How is the economy doing? Is that reflected in official data? How reliable is the data?
Concerns over old and outdated data sets, a delayed census, quality concerns, and allegations of government interference have cropped up with increasing frequency in recent years. This time, post the release of the April-June 2023 GDP release, former Chief Economic Advisor Arvind Subramanian has raised questions around nominal growth, throwing up a different picture.
The gross domestic product grew 7.8% in April-June, a step up from 6.1% in January-March and the highest in four quarters, according to the latest estimates released by the government's statistical office in August. Nominal figures tracked the real numbers until the first half of FY23 but then declined by 14 percentage points over the past three quarters, Subramanian said in a column co-authored with Josh Felman.
The problem with focusing on real growth is that the Central Statistical Office uses single deflation (deflating the nominal value added in each sector by various price indices) rather than the international standard of double deflation (deflating output by output prices and inputs by input prices), the authors said.
A deflator is an adjustment made to current prices so that they can be compared with with past data.
The second issue, according to Subramanian and Felman, is that a number of sectors of the economy are deflated by inappropriate indices.

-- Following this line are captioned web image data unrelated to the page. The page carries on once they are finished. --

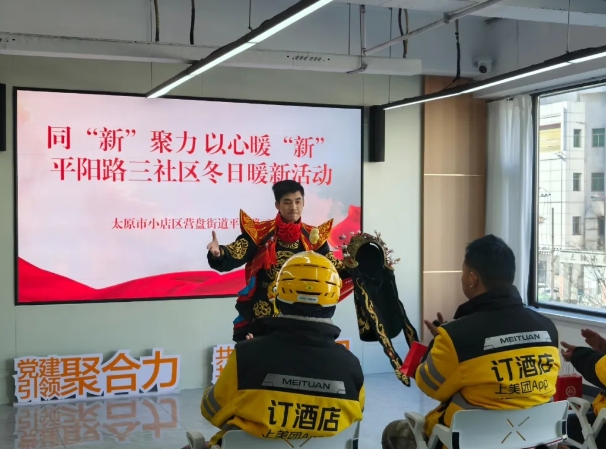 微信截图_20250213235739.png 微信截图_20250213235739.png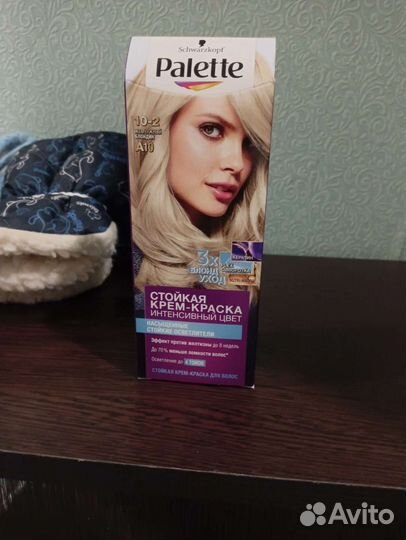 Краска для волос palette A10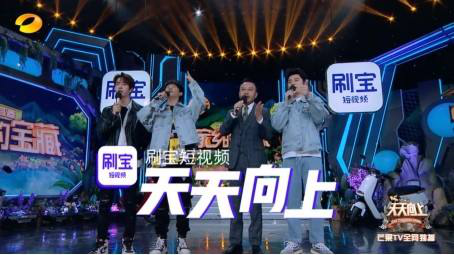 唱吧、刷寶、愛奇藝：盤點(diǎn)那些上過(guò)《天天向上》的APP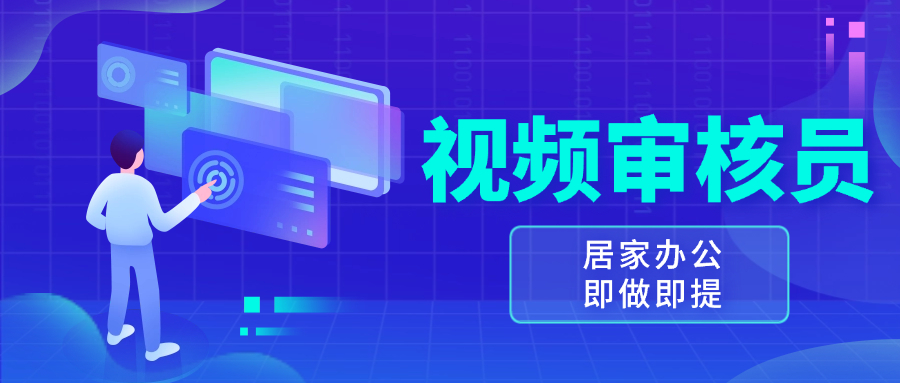 视频审核员，多做多劳，小白按照要求做也能一天100-150+网赚教程-副业赚钱-互联网创业-手机赚钱-网赚项目-98副业网-精品课程-知识付费-网赚创业网98副业网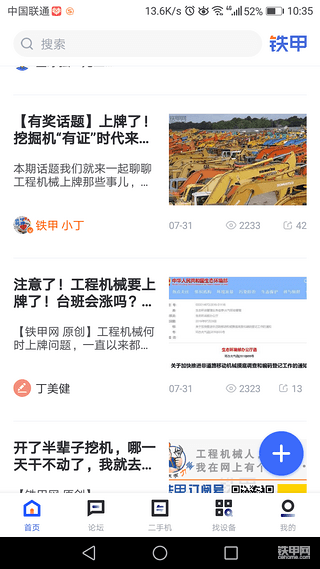 【我要上头条】浅谈我对挖机上牌的看法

Single Or Double Deflation
In rebuttal, the finance ministry said that the wholesale price index dominates India's GDP deflator. It peaked in the first quarter of 2022–23 due to oil and food price increases in the wake of the war in Ukraine and supply-side disruptions. Prices began to come down from August 2023 onward. Hence, WPI is now contracting year-on-year. It will soon pass once the statistical base effect disappears, the ministry said.
As an internationally recognised practice, India, too, can use the double-deflation method in order to iron out any differences that emerge due to the usage of single deflation, said Jahnavi Prabhakar, senior economist at the Bank of Baroda. It will also come in handy in tracking the international prices correctly, especially those of commodities, she said.
Deflator issues for the manufacturing and services sectors are likely to have overstated the April–June 2023 quarter's growth print, said Pranjul Bhandari, chief economist at HSBC, in a note published after the GDP release. The practice of single deflation instead of double deflation at a time when commodity prices have fallen is likely to have overstated manufacturing growth by 2.5 percentage points and GDP growth by 0.33 percentage points, she wrote.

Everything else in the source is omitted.